Ben yaralıları bir an önce hastaneye götürme telaşı içindeydim. Araçta iki yaralı vardı Benim de yüzümün çeşitli yerlerinde yaralar vardı. Anayol girişinde iki polis yolumu kesti. Önce kimliğimi istediler. Ben kimliğimi boş ver yaralılar var ambulans çağırın dedim.
Onlar bana yaralılardan haberimiz var dediler ve kimliğimi aldılar. Kendilerini takip etmemi istediler. Tüm bunları yaparken bize silahlarını doğrultmuşlardı. Silah uzun namluluydu. Askerlerde gördüğüm silahlara benzer bir silahtı. Ayrıca araçlarıyla önüme geçtiler ve takip etmemi istediler. Bir an arkamı döndüm Sabri nasılsın dedim, Sabri; ‘’hızlı sür durumum iyi değil’’ dedi. O esnada önümdeki, silahlı olan kişilerin kullandığı sivil aracı geçtim. Geçerken müdahalede bulunmadılar. Hastaneye yakın bir yerde lastiğimin patlak olmasından dolayı durdum. Arkamdan gelen polislere tekrar ambulans çağırmalarını istedim. Onlar hastaneye doğru gidiyorlardı. Oradan kayboldular kullandıkları araç siyah bir araçtı. Ben bu şahsıları görsem tanırım. Kirli sakallı sivil polislerdi. Yaralılar hastaneye gönderildikten sonra ben aracın önünde kaldım. Kendimi iyi hissettiğimden dolayı hastaneye gitmedim. Daha sonra çekici geldi aracımı aldı götürdü. İlçeden gelen polis ekipleri beni doğrudan ilçe emniyet müdürlüğüne götürdüler ve sorgu odasına aldılar. Sorgu odasında yolda alınan kimliğimin masa üstünde olduğunu gördüm.

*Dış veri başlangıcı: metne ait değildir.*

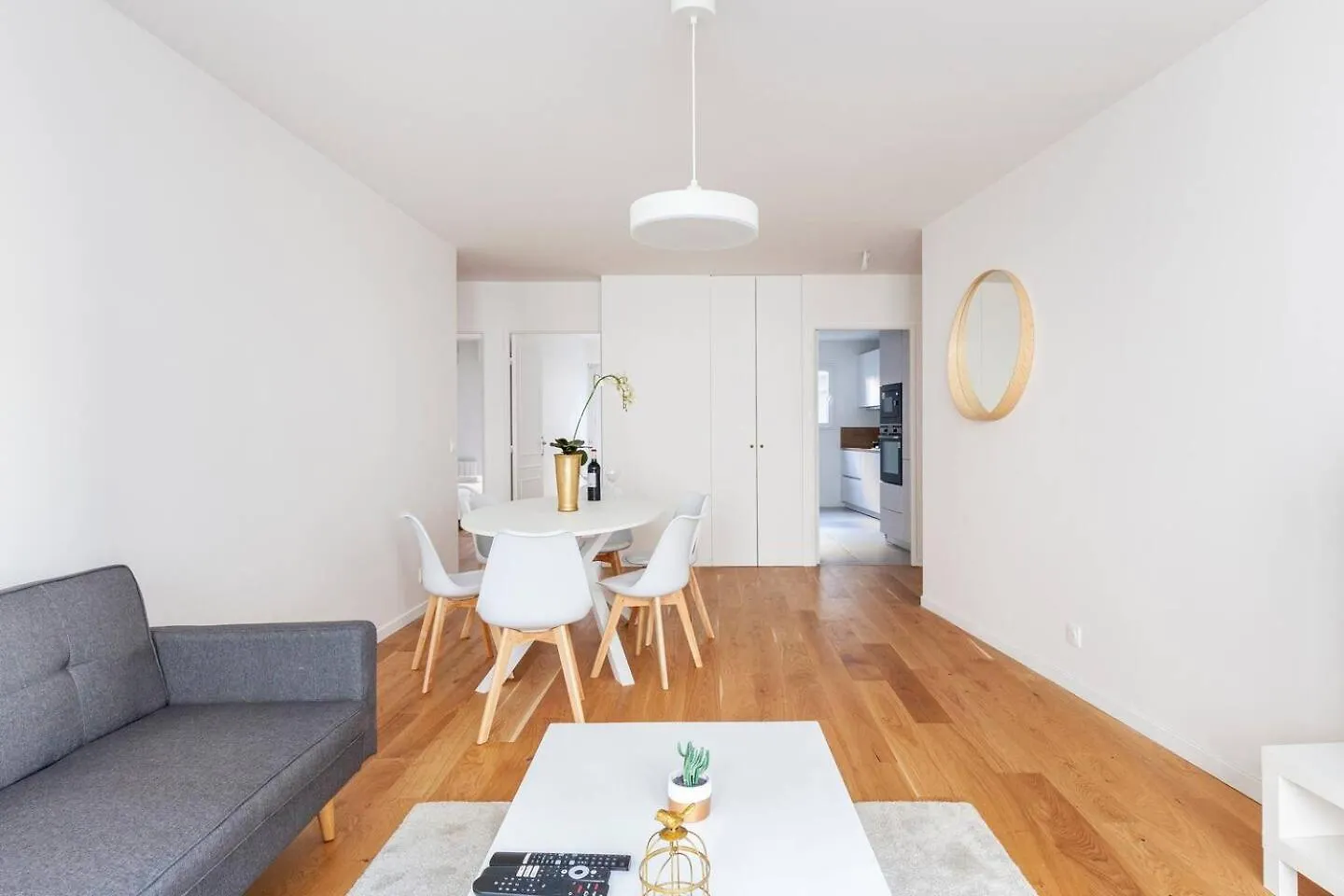 3 Bedroom Flat Close Montmartre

Gittiğimiz yer Qero Suyu herkesçe bilinen piknik alanıdır. Ziyaret ve gezi amaçlı da gidilir.
Harika Morkoç ( Yaşamını yitirten şahsın kızı ):
O gün Qero Çeşmesine piknik için gidiyorduk. Herkesin gidip geldiği bir yerdir. Araba ilerlerken bir sesle irkildik. Sesle ile birlikte arabayı kullanan şoför arabayı geri vitese atarak geriye gitmeye başladı. Biraz geriye gittikten sonra bir bomba sesi geldi. Her yer toz duman içinde kaldı. Bu esnada can havli ile bizler araç içinde koltukların arasına uzandık. O anda kurşun sesleri çoğaldı. Yağmur gibi yağıyordu. Genellikle sağ taraftan kurşun geliyordu. Hiç bir şey göremiyordum. Babam uyarıyordu. Kendinizi koruyun diye. Sabri’nin yaralı olduğunu duydum. Sabri tökezledi. Kurtuluş Sabri’yi koltukların arasına yavaşça yatırdı. İlk etapta gözlerim karardığı için Sabri’nin yarasını fark etmedim. Araç geri geri gidiyordu. Annem, babamın vurulduğunu söyledi. Ben babama doğru gittim. Babamın göğsünden vurulduğunu gördüm. O andan sonra Alkan abiye yalvarıyordum, hızlı git babamı kurtaralım diye. Sonra geri giderken şoför aracımızın yönünü Göle ye doğru çevirdi. Hızlandık. Göle’nin girişine yaklaştığımızda iki silahlı sivil önümüzü kesti. Adımızı biliyorlardı. Nereden geldiğimizi bildiklerini söylediler.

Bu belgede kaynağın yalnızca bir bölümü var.